It’s Time for Double-Points to Go!

geothumbnail10
Mrs. Oilpressure and I are on our way to IMS this morning, to catch a day of practice today, Fast Friday tomorrow and then the Qualifying weekend. Since today is a travel day and we’re not real sure when we get to the track, we won’t start doing our posting from the track until Friday. The qualifying format has changed and I’ll get more into that in tomorrow’s post, also. But one of the changes dovetails into my topic today – double points.

Twelve points will be on the table for whoever wins the pole this weekend. That’s in addition to the 106 possible points available to the winner on Race Day – which is double of what is available on any other race weekend.

I’ve never been a fan of double-points.

When CART first came into existence, the Indianapolis 500 paid zero points toward the CART championship. It paid toward the USAC championship but not CART. I’m relying on my memory, which is a scary thing – but I believe CART started counting Indianapolis 500 finishes as a points paying race in 1982. What I always liked about the CART system was that it put no emphasis on one race. The Indianapolis 500 counted as much as Nazareth or Toronto.

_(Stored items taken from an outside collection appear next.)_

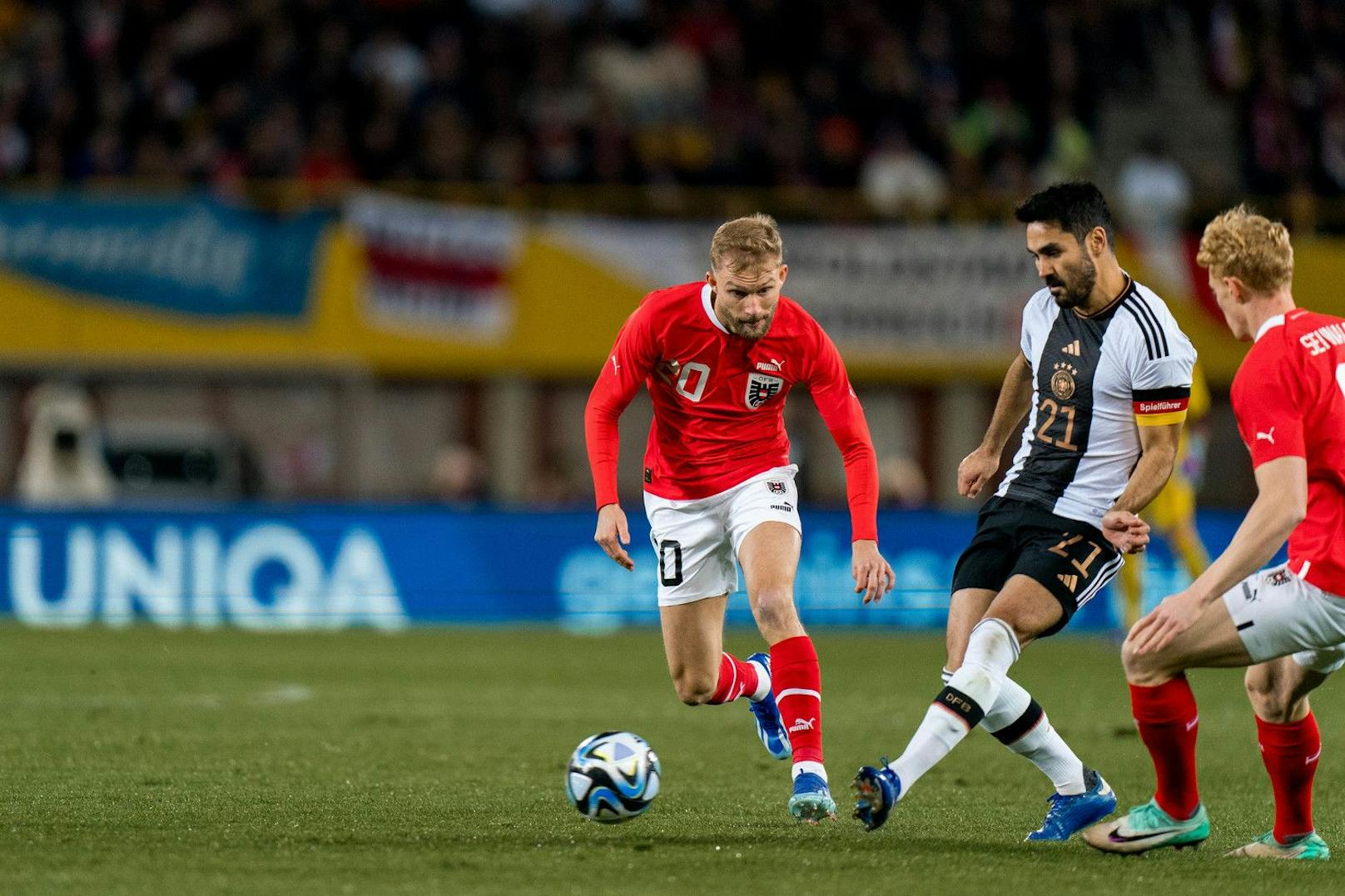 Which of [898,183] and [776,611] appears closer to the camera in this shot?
[776,611]

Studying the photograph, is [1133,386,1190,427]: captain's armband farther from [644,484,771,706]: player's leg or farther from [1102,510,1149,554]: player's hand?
[644,484,771,706]: player's leg

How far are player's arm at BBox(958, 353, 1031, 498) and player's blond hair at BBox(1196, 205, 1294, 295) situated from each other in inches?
44.8

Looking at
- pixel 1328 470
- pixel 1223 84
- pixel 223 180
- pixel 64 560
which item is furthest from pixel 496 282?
pixel 1328 470

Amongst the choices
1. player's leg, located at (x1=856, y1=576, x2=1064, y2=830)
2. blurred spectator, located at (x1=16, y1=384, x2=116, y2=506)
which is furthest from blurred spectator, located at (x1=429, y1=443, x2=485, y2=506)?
player's leg, located at (x1=856, y1=576, x2=1064, y2=830)

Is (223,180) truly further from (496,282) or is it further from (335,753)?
(335,753)

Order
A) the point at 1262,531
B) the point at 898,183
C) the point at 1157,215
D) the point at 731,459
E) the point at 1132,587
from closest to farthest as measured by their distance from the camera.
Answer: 1. the point at 1262,531
2. the point at 731,459
3. the point at 1132,587
4. the point at 898,183
5. the point at 1157,215

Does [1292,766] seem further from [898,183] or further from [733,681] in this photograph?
[898,183]

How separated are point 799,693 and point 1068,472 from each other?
1226mm

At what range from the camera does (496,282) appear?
71.1 ft

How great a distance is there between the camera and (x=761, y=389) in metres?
7.73

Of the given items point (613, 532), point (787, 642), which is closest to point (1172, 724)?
point (787, 642)

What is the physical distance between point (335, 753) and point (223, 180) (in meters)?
12.8

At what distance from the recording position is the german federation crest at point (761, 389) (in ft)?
25.2

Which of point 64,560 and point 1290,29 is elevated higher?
point 1290,29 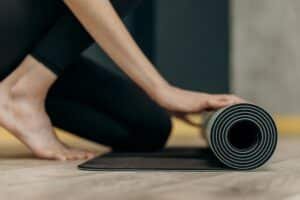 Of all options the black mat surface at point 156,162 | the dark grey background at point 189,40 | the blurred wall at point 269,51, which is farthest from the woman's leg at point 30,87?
the dark grey background at point 189,40

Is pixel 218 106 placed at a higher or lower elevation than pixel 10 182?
lower

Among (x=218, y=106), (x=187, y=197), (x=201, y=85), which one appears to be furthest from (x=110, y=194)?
(x=201, y=85)

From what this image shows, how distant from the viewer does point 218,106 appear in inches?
57.3

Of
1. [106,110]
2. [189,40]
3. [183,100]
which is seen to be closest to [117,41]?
[183,100]

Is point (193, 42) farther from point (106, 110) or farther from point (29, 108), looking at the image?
point (29, 108)

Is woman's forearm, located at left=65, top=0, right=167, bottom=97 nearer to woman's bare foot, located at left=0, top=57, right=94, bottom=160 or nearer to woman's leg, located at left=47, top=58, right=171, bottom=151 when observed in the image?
woman's bare foot, located at left=0, top=57, right=94, bottom=160

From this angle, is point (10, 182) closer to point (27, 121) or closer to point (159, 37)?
point (27, 121)

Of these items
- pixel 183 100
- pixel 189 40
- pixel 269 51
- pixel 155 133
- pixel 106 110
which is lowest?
pixel 269 51

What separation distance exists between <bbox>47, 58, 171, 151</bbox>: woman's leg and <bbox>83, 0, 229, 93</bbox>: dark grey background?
58.5 inches

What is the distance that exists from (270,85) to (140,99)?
135 cm

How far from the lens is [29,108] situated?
5.45ft

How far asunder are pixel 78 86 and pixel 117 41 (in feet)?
1.51

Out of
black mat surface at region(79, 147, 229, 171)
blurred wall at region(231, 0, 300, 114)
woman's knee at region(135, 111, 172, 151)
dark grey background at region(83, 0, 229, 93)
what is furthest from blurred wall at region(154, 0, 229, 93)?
black mat surface at region(79, 147, 229, 171)

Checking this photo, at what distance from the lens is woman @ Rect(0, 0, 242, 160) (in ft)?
4.90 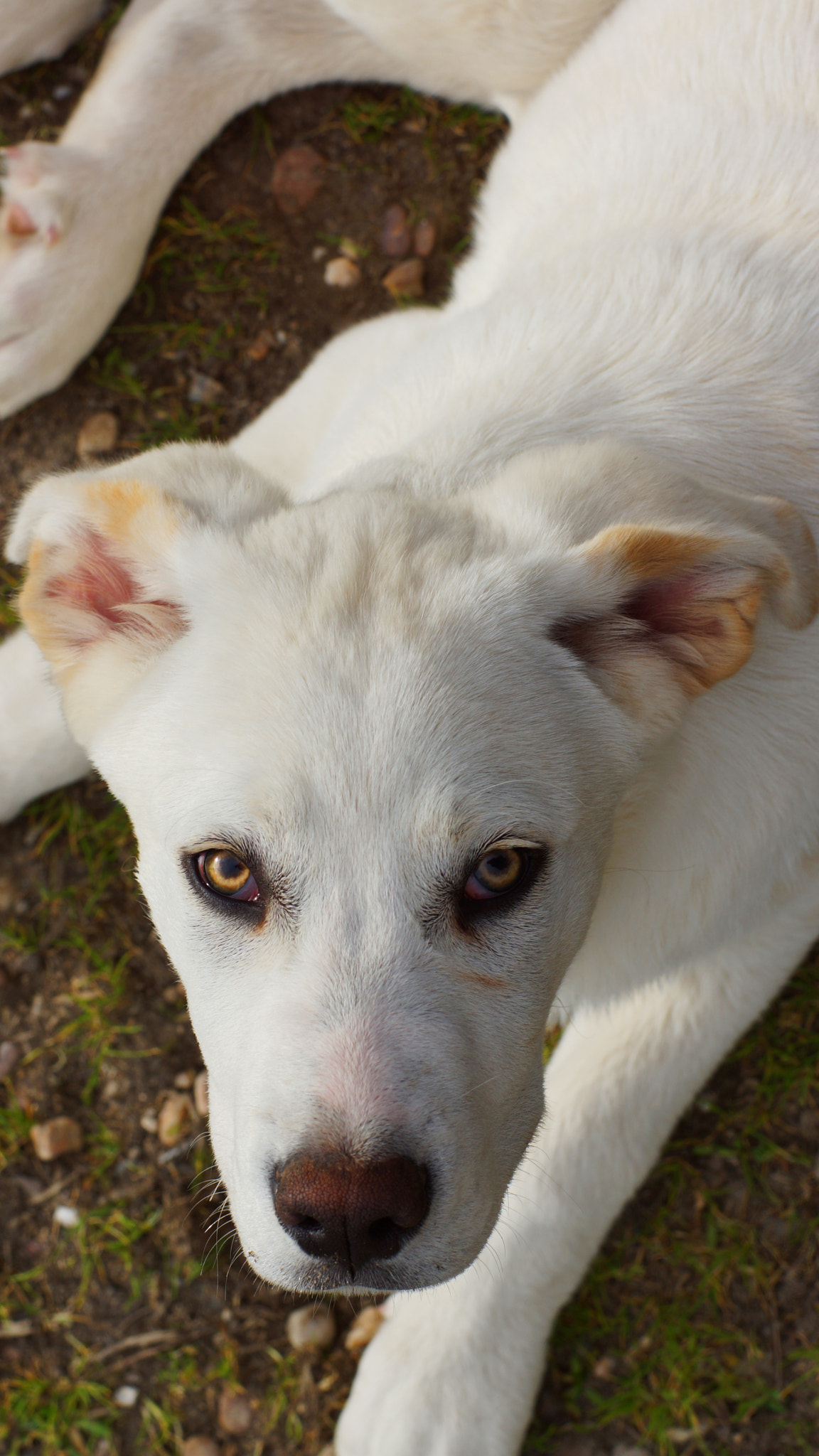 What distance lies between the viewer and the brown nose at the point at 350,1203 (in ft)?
5.89

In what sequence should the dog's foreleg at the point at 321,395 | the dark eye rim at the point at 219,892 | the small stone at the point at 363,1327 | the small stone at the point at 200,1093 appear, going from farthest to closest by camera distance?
the small stone at the point at 200,1093, the small stone at the point at 363,1327, the dog's foreleg at the point at 321,395, the dark eye rim at the point at 219,892

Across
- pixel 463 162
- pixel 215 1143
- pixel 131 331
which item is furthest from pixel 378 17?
pixel 215 1143

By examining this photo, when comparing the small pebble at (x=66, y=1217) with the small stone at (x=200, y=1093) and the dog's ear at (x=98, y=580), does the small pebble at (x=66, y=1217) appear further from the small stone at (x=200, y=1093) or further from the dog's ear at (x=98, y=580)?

The IRL/IndyCar points system did the same thing for years. Iowa and Barber counted as much as the Indianapolis 500. Every race counted the same. That all changed in 2015, when IndyCar decided that the Indianapolis 500 and the season finale at Sonoma needed to pay double-points.

When this was first announced, I disliked it immediately because it seemed like an unnecessary gimmick. I felt like the Indianapolis 500 needed no extra hype to make it relevant. It was strong enough as a stand-alone event. Double-points in the season finale cheapened the championship, in my opinion. A driver could do all the right things throughout the season, but if they had any type of problem – another driver could seemingly come out of nowhere and steal a championship. This was more reminiscent of something NASCAR would do than IndyCar.

Fast-forward to 2022. Double-points at the season finale have mercifully gone by the wayside, but they are still a thing for the Indianapolis 500 for some strange reason. Now that we’ve seen the double-points at work, I like them even less than before.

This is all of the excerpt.